• _Assignment_: Locate the line that contains "1004 W Grissom". Retype it and every line after it to the end of the records, exactly, but not the pictures.
━━━━━━
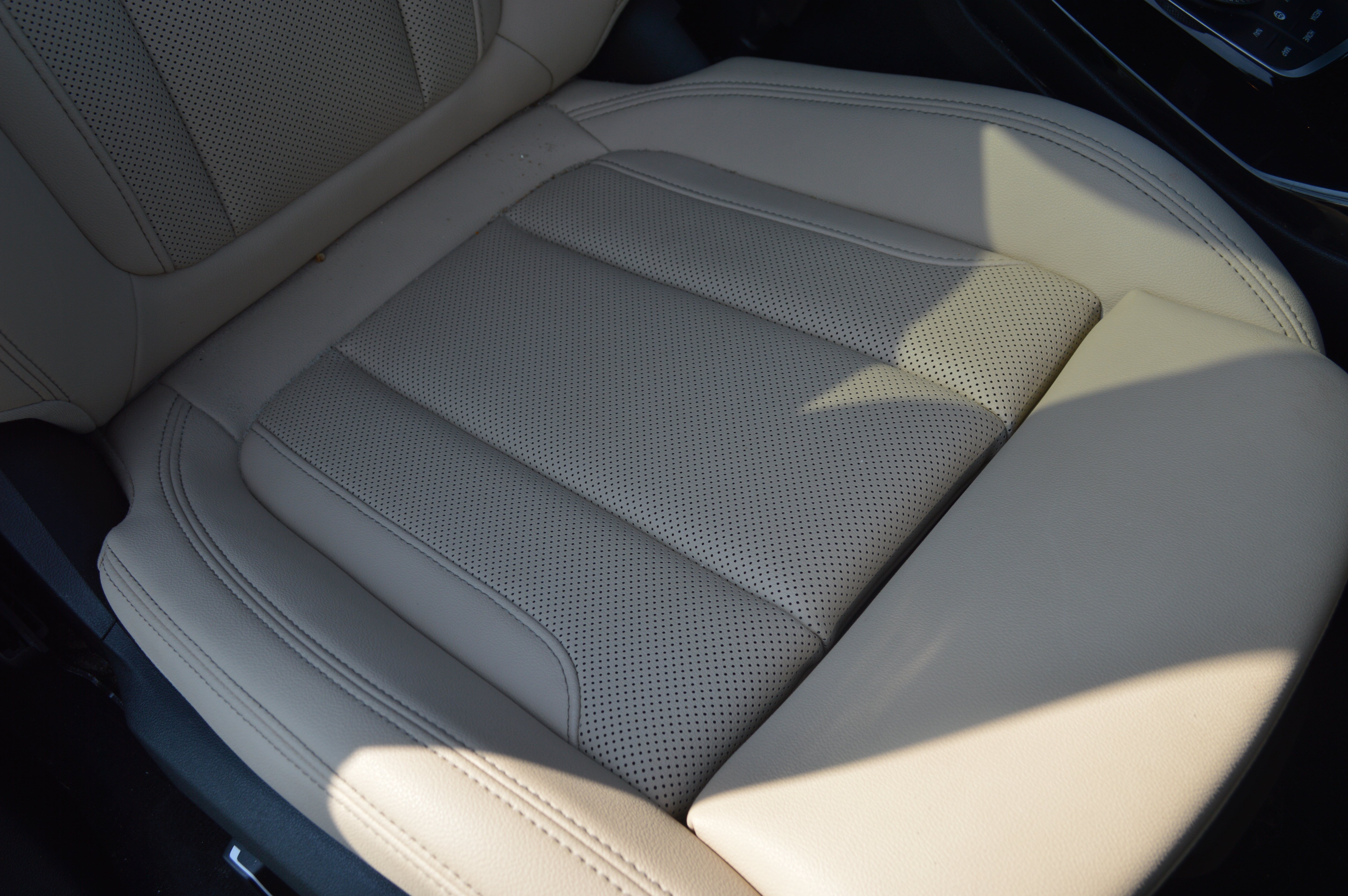 Used 2024 BMW X3 sDrive30i w/ Premium Package RWD image 36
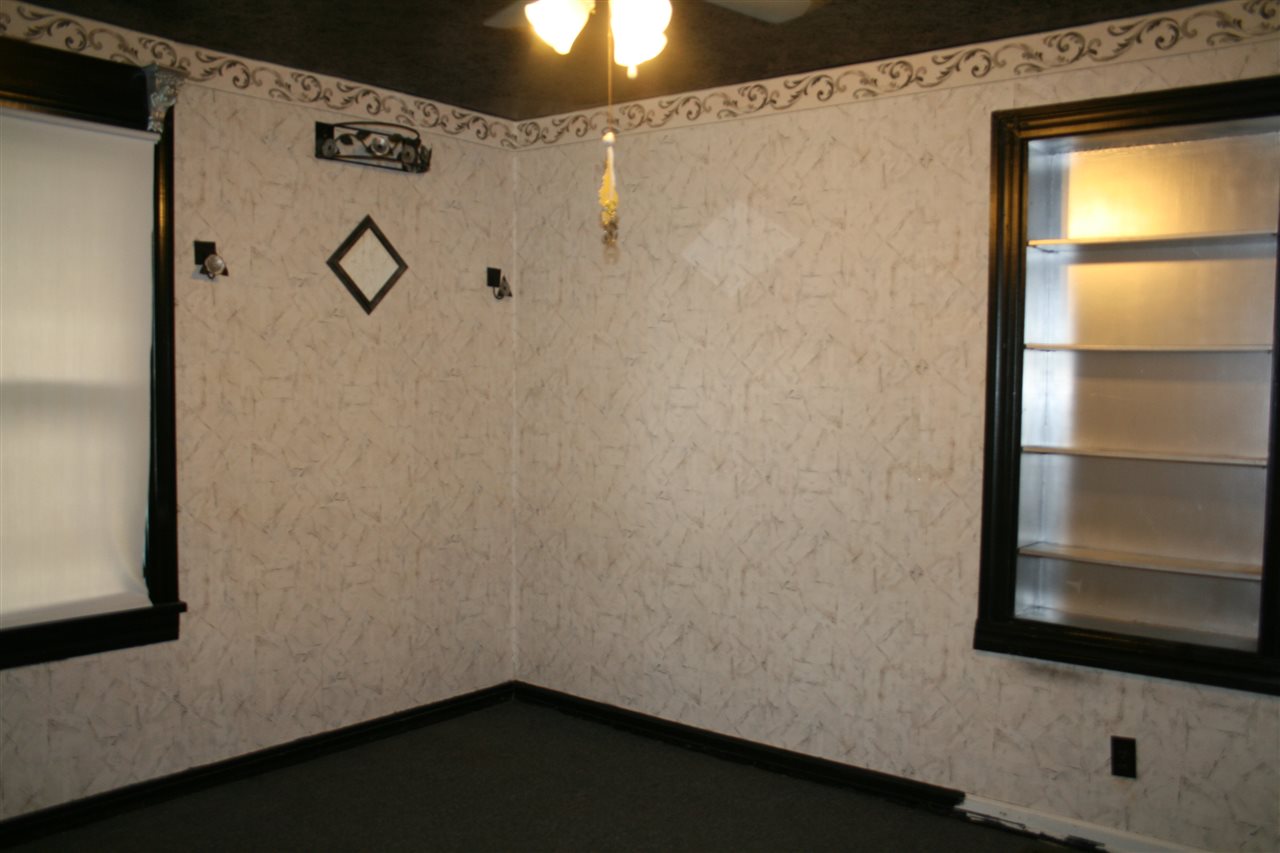 1004 W Grissom Ave, Mitchell, IN 47446 photo 21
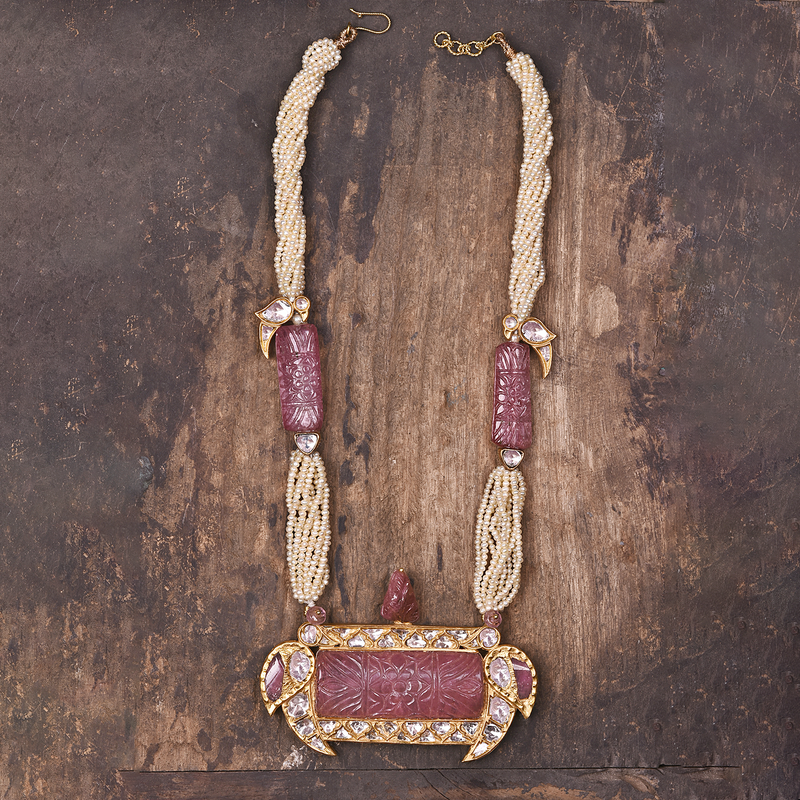 CARVED TOURMALINE POLKI NECKLACE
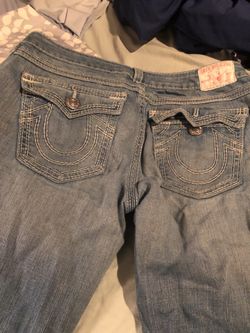 Women’s true religion size 32 boot cut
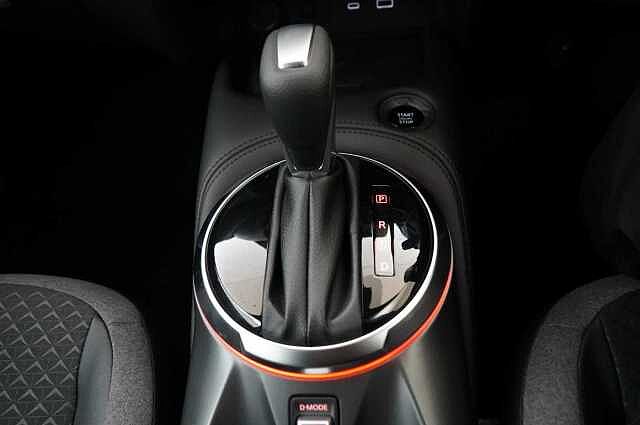 Nissan Juke 1.0 DIG-T 114 N-Connecta DCT Auto with Sat Nav and Rear View Camera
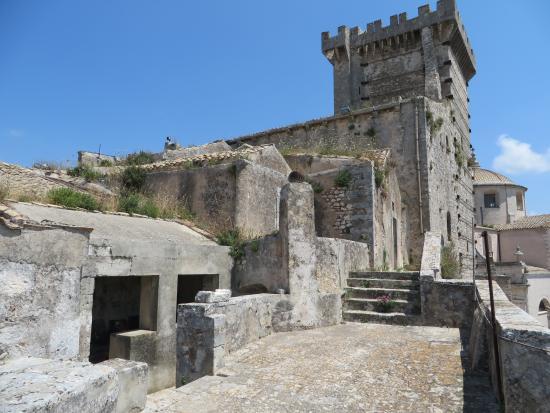 Fortezze e Castelli di Puglia: Il Castello Ducale di Ceglie Messapica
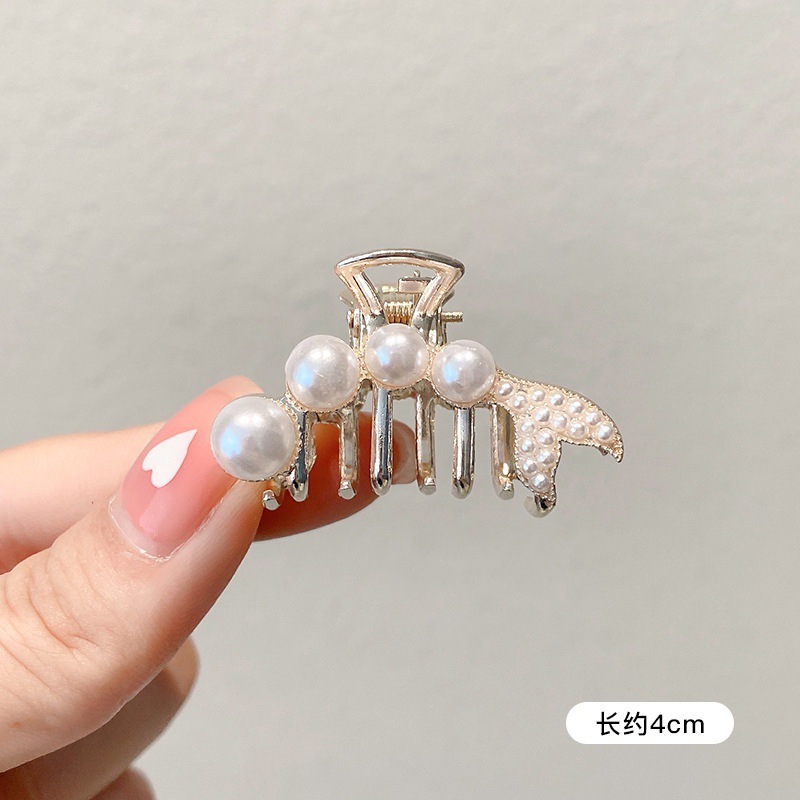 Pequeñas pinzas de cabello de perla temperamento feminino medio agarrado pinzas de cabello de borde pequeño adornamiento de cabeza de alto nivel no lastimar pinzas de cabello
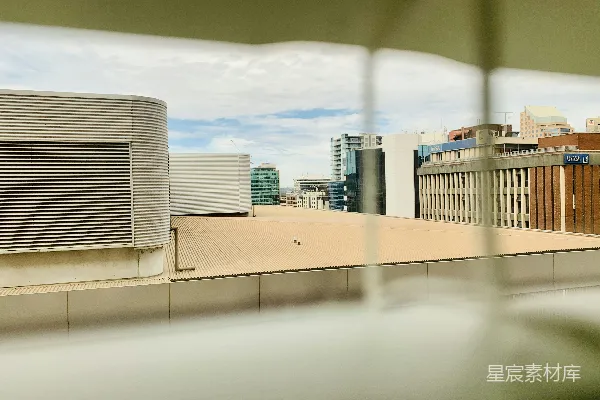 高清摄影 白天的白色云层下，白色的混凝土建筑
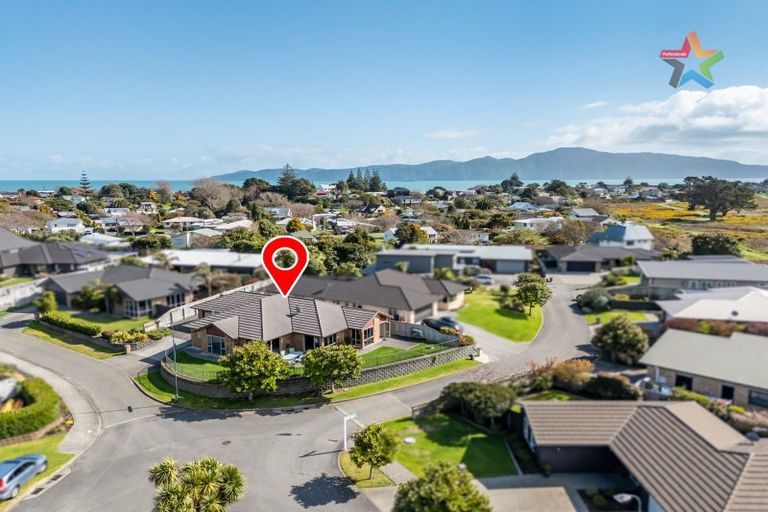 Photo of property in 27 Simpson Crescent, Raumati Beach, Paraparaumu, 5032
━━━━━━
• _Answer section_:
 1004 W Grissom Ave, Mitchell, IN 47446 photo 21
 CARVED TOURMALINE POLKI NECKLACE
 Women’s true religion size 32 boot cut
 Nissan Juke 1.0 DIG-T 114 N-Connecta DCT Auto with Sat Nav and Rear View Camera
 Fortezze e Castelli di Puglia: Il Castello Ducale di Ceglie Messapica
 Pequeñas pinzas de cabello de perla temperamento feminino medio agarrado pinzas de cabello de borde pequeño adornamiento de cabeza de alto nivel no lastimar pinzas de cabello
 高清摄影 白天的白色云层下，白色的混凝土建筑
 Photo of property in 27 Simpson Crescent, Raumati Beach, Paraparaumu, 5032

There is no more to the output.